Efficient thermal management is essential for low-temperature optoelectronic devices. Traditional liquid nitrogen (LN2) cooling presents challenges such as frequent replenishment needs and limited operational duration. This study introduces micromachined Joule–Thomson (MJT) cooling as a superior alternative for temperature regulation in optoelectronic devices. We evaluated the thermal and optical performance of MJT cooling for a CdSe/ZnS quantum dot (QD) sample within a temperature range of 120–300 K. Thermal analysis showed that with a single 50 l nitrogen refill, the MJT system can operate continuously for over one week, surpassing the LN2 system by 11 times.
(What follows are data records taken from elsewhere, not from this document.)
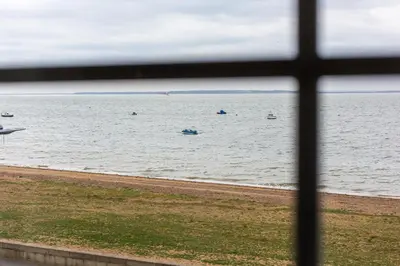 a window view of the ocean with boats in the water at Seaside Escape in Thorpe Bay
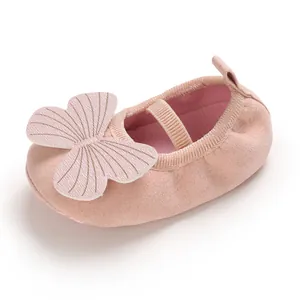 Detail of soft-soled pink baby girl shoe with large decorative butterfly wings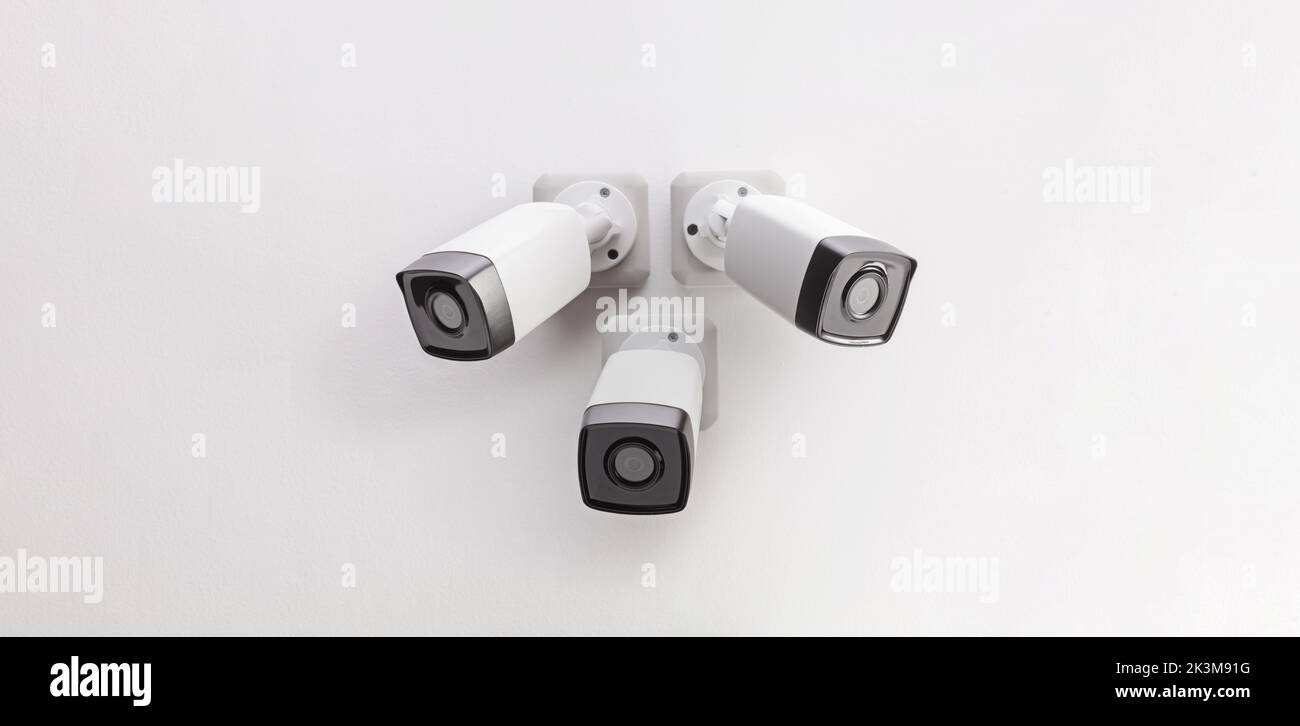 Tres cámaras de seguridad montadas en la pared Foto de stock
The temperature stability was affected little by laser irradiation, with a <0.2 K rise at 5 mW of laser power. In addition, the MJT cooling led to an average blueshift of 1–3 meV in the emission peak of QDs and 0.3–2.3 meV reduced spectral broadening compared to LN2, attributed to a smaller sample-to-cold-stage temperature gap of about 8–9 K in the MJT setup. The standard deviations of peak energy and FWHM are in the order of E − 1 meV magnitude, demonstrating a comparable thermal uniformity compared to LN2. The vibration spectra obtained for both vertical and horizontal directions reveal the superior low-vibration characteristics of MJT cooling. These findings validate MJT cooling as a superior and reliable strategy for the thermal management of optoelectronics, ensuring prolonged operational durations, reliable temperature stability, enhanced temperature precision, high thermal homogeneity, and low vibrations.